1、Python2 默認的字符編碼是ASCII（不支持中文）

#-*-coding:utf-8-*-，告知python解釋器，這個.py文件里的文本是用utf-8編碼的。這樣，python就會依照utf-8的編碼形式解讀其中的字符，然后轉換成unicode編碼內部處理使用。
.py文件存儲在磁盤上是什么編碼方式，就要告知python解釋器用的是什么編碼方式。(#-*-coding:XXX-*-聲明的編碼方式要與.py文件的編碼方式一致)

#!/usr/bin/env python
# -*- coding: utf-8 -*-    #
print "你好,世界"

2、Python2 默認的文件編碼是ASCII

C:\Windows\system32>python2 D:\test\python\test\test2.py

#coding:utf8
import sys
print(sys.getdefaultencoding())    #結果是：ascii

3、Python3 默認的字符編碼是Unicode（支持中文）

#!/usr/bin/env python3
print "你好,世界"

4、Python3 默認的文件編碼是utf-8

C:\Windows\system32>python3 D:\test\python\test\test3.py

import sys
print(sys.getdefaultencoding())    #結果是：utf-8

3、python中字符串的兩種數據類型

python2不區分str和unicode，但在拼接str和unicode時，str將自動轉換成unicode。

###python2.7
# coding:utf8
a = 'hello'
b = '中國'
print(a, type(a))          #結果是：('hello', <type 'str'>)
print(b, type(b))          #結果是：('\xe4\xb8\xad\xe5\x9b\xbd', <type 'str'>)    #前面輸出的是字符的編碼，這是print函數的原因。這問題只在python2中出現
print(b)                   #結果是：中國

c = 'hello' + u'中國'    #字符串前加u是將此字符串轉換為unicode
print(c, type(c))          #結果是：(u'hello\u4e2d\u56fd', <type 'unicode'>)    #后面輸出的是字符的編碼，這是print函數的原因。
print(c)　　                #結果是：hello中國

python3嚴格區分了bytes和str，二者不能進行拼接。文本總是unicode，有str表示；二進制數據則由bytes表示。

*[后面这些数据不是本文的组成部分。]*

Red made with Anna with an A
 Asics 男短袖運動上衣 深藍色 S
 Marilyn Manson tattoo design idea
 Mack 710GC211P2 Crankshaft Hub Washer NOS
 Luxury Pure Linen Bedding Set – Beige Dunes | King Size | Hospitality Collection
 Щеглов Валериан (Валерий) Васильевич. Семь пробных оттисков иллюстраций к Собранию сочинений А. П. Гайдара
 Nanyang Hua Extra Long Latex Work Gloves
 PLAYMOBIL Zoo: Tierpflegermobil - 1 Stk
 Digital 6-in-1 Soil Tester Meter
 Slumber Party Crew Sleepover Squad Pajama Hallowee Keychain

a = b'hello'              #字符串前加b是將此字符串轉換為bytes
b = '中國'

print(a, type(a))            #結果是：b'hello' <class 'bytes'>
print(b, type(b))            #結果是：中國 <class 'str'>

# c = b'hello' + '中國'    #異常，TypeError: can't concat str to bytes
# print(c, type(c))

示例1：

python2.7，在windows的cmd中執行

# coding:utf8                 #告知python解釋器，這個.py文件里的文本是用utf-8編碼的，這樣解釋器就會依照utf-8的編碼形式解讀其中的字符。

str1 = 'hengha'
print(str1, type(str1))          #結果是：('hengha', <type 'str'>)    #python2.x將字符串處理為str類型，即字節型。

str2 = '哼哈'
print(str2, type(str2))          #結果是：('\xe5\x93\xbc\xe5\x93\x88', <type 'str'>)    #前面輸出的是字符的編碼，這是print函數的原因。
print(str2)                      #結果是：鍝煎搱    #這里python解釋器用的編碼是utf8，但cmd用的是gbk。按utf8輸出，用gbk解釋。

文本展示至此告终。